The physical attributes of Didier Drogba had led the line for Chelsea, but more slight and capable of playing football the way Abramovich craved, Torres was seen as the future.
It's never quite worked out that way, though.
Torres took 15 games to score his first goal in Chelsea colours, coming in a 3-0 win over West Ham. From then on, the expectation was that he would rediscover his goalscoring form. He hasn't.
Yet attend a game at Stamford Bridge and you wouldn't know it.
Torres remains a much-loved character in west London, his name cheered with gusto at every mention. The fans have stayed with him in the hope he would return to the player who had tormented them in a Liverpool shirt.
It's been a relationship based on loyalty, with fans unwilling to turn their back on a man who chose them over their rivals.

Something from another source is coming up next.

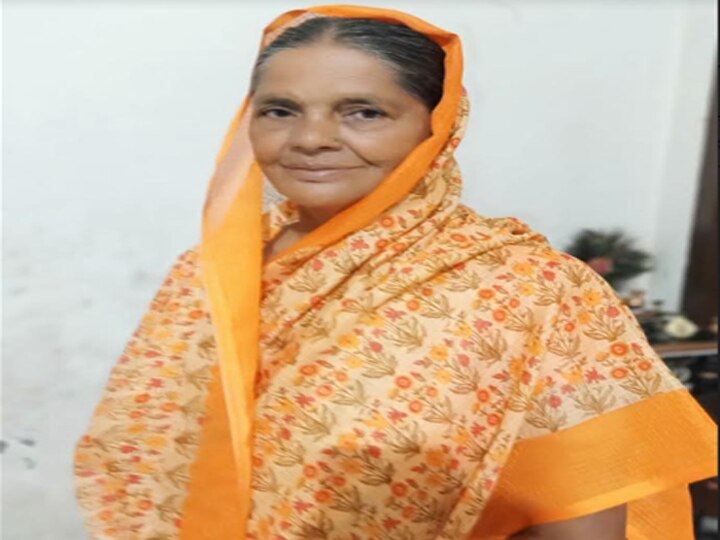 In Bijnor servant killed ruthlessly an elderly women sleeping in courtyard बिजनौर: आंगन में सो रही बुजुर्ग की निर्मम हत्या, नौकर ने उतारा मौत के घाट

There's a little more to it than that, too.
In his autobiography I Think Therefore I Play, Andrea Pirlo discussed the virtues of goalscorers always receiving the accolades when it comes to awards season: the theory being they're the players who score the goals, so they're automatically seen as the world's most gifted and are thrown under the spotlight.
But what about the players who feed them with their chances?
Torres is a man who knows about them all too well.
"Big name collector cards sell season tickets," says Pirlo. "But it's the glue they have behind them that wins games."
In that instance, Pirlo is discussing defenders and the role they play. What he also alludes to is how other players, whether they be defenders or midfielders, create the chances for strikers to score.
What about them?
At Liverpool, the team was built around getting the ball to Steven Gerrard, who in turn set Torres free.
In Chelsea's system, it doesn't quite work like that. It never has.
Chelsea do not play football where a striker of Torres' ilk can flourish. Diego Costa and Drogba, sure, but not Torres.
He's a player who needs to play on the last man's shoulder, reacting quickly to break the line and get through on goal.
Liverpool played to those strengths. Only at Stamford Bridge, he's had to adapt to a whole new system that isn't just about him.
There are more than two stars at Chelsea, and they all need to shine.
Chelsea fans understand that. They also understand the endeavour from Torres to transform his game.
If we judge him by the goals he has scored, Torres has failed in that regard. But there has been so much more he has given that statistics may not highlight, but hasn't gone unnoticed on the terraces.
From the outsider's perspective, he's a £50 million striker, though. And when a club pays that amount of money for a front man, he needs to be hitting 20 goals a season. That's the minimum requirement.
There will be some Chelsea fans happy to see the back of Torres and others who choose to look at things from another perspective.
What isn't up for debate is that his confidence is shot. In west London at least.
Torres carries too much baggage these days and he carries it onto the pitch for every performance he makes.
A change may see him leave that behind, although after three-and-a-half years at Chelsea, it appears the weight of the load will only increase.